'''

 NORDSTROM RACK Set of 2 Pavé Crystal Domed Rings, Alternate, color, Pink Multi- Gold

'''
'''

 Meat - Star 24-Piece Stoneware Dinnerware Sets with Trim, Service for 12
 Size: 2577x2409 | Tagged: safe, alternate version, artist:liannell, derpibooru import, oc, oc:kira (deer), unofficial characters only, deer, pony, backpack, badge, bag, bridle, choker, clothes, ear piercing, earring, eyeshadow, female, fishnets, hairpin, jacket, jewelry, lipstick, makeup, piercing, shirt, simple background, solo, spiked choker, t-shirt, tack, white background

'''

#### YOUR OBJECTIVE:
What are the lines above, starting at the one with "Meat - Star" and ending at the one with "Size: 2577x2409 |"? Give them again exactly, and only them.

#### RESULT BELOW:
 Meat - Star 24-Piece Stoneware Dinnerware Sets with Trim, Service for 12
 Size: 2577x2409 | Tagged: safe, alternate version, artist:liannell, derpibooru import, oc, oc:kira (deer), unofficial characters only, deer, pony, backpack, badge, bag, bridle, choker, clothes, ear piercing, earring, eyeshadow, female, fishnets, hairpin, jacket, jewelry, lipstick, makeup, piercing, shirt, simple background, solo, spiked choker, t-shirt, tack, white background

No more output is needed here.